» **ASSIGNED TASK**: Would you repeat each line below precisely as it stands?

» **DATA**:
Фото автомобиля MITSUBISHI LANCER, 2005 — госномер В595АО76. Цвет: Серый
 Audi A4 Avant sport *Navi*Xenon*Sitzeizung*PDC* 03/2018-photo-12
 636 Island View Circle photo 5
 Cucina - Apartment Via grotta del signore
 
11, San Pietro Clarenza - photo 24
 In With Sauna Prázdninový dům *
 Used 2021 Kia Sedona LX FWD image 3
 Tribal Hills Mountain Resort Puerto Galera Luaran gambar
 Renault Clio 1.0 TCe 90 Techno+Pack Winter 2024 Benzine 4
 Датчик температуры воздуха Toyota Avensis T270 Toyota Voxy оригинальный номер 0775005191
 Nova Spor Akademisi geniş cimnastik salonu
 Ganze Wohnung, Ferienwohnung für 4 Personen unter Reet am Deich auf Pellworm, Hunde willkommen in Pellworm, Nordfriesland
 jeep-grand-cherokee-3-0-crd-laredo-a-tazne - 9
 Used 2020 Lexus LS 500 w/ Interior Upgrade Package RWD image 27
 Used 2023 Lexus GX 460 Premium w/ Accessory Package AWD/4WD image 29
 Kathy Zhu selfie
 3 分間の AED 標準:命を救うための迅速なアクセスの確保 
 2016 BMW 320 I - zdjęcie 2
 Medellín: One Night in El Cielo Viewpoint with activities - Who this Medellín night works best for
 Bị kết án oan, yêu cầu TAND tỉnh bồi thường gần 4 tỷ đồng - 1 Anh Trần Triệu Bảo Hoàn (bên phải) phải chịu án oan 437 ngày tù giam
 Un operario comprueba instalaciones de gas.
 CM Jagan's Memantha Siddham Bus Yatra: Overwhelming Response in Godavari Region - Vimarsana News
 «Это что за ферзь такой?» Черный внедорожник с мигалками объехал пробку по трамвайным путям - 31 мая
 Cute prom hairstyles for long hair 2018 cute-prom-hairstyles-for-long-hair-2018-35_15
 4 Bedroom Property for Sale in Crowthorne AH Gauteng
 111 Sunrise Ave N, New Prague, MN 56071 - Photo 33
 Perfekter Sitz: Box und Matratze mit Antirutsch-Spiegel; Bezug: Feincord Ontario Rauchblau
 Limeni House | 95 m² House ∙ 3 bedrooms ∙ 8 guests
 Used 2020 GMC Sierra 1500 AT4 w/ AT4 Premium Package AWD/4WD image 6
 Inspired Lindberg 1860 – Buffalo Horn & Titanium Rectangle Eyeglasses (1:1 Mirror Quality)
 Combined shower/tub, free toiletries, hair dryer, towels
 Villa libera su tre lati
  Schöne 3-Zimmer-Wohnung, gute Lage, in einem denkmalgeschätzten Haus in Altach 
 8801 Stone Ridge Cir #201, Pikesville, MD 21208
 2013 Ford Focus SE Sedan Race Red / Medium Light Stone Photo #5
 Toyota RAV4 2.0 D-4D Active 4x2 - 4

» **ANSWER SPACE**:
Фото автомобиля MITSUBISHI LANCER, 2005 — госномер В595АО76. Цвет: Серый
 Audi A4 Avant sport *Navi*Xenon*Sitzeizung*PDC* 03/2018-photo-12
 636 Island View Circle photo 5
 Cucina - Apartment Via grotta del signore
 
11, San Pietro Clarenza - photo 24
 In With Sauna Prázdninový dům *
 Used 2021 Kia Sedona LX FWD image 3
 Tribal Hills Mountain Resort Puerto Galera Luaran gambar
 Renault Clio 1.0 TCe 90 Techno+Pack Winter 2024 Benzine 4
 Датчик температуры воздуха Toyota Avensis T270 Toyota Voxy оригинальный номер 0775005191
 Nova Spor Akademisi geniş cimnastik salonu
 Ganze Wohnung, Ferienwohnung für 4 Personen unter Reet am Deich auf Pellworm, Hunde willkommen in Pellworm, Nordfriesland
 jeep-grand-cherokee-3-0-crd-laredo-a-tazne - 9
 Used 2020 Lexus LS 500 w/ Interior Upgrade Package RWD image 27
 Used 2023 Lexus GX 460 Premium w/ Accessory Package AWD/4WD image 29
 Kathy Zhu selfie
 3 分間の AED 標準:命を救うための迅速なアクセスの確保 
 2016 BMW 320 I - zdjęcie 2
 Medellín: One Night in El Cielo Viewpoint with activities - Who this Medellín night works best for
 Bị kết án oan, yêu cầu TAND tỉnh bồi thường gần 4 tỷ đồng - 1 Anh Trần Triệu Bảo Hoàn (bên phải) phải chịu án oan 437 ngày tù giam
 Un operario comprueba instalaciones de gas.
 CM Jagan's Memantha Siddham Bus Yatra: Overwhelming Response in Godavari Region - Vimarsana News
 «Это что за ферзь такой?» Черный внедорожник с мигалками объехал пробку по трамвайным путям - 31 мая
 Cute prom hairstyles for long hair 2018 cute-prom-hairstyles-for-long-hair-2018-35_15
 4 Bedroom Property for Sale in Crowthorne AH Gauteng
 111 Sunrise Ave N, New Prague, MN 56071 - Photo 33
 Perfekter Sitz: Box und Matratze mit Antirutsch-Spiegel; Bezug: Feincord Ontario Rauchblau
 Limeni House | 95 m² House ∙ 3 bedrooms ∙ 8 guests
 Used 2020 GMC Sierra 1500 AT4 w/ AT4 Premium Package AWD/4WD image 6
 Inspired Lindberg 1860 – Buffalo Horn & Titanium Rectangle Eyeglasses (1:1 Mirror Quality)
 Combined shower/tub, free toiletries, hair dryer, towels
 Villa libera su tre lati
  Schöne 3-Zimmer-Wohnung, gute Lage, in einem denkmalgeschätzten Haus in Altach 
 8801 Stone Ridge Cir #201, Pikesville, MD 21208
 2013 Ford Focus SE Sedan Race Red / Medium Light Stone Photo #5
 Toyota RAV4 2.0 D-4D Active 4x2 - 4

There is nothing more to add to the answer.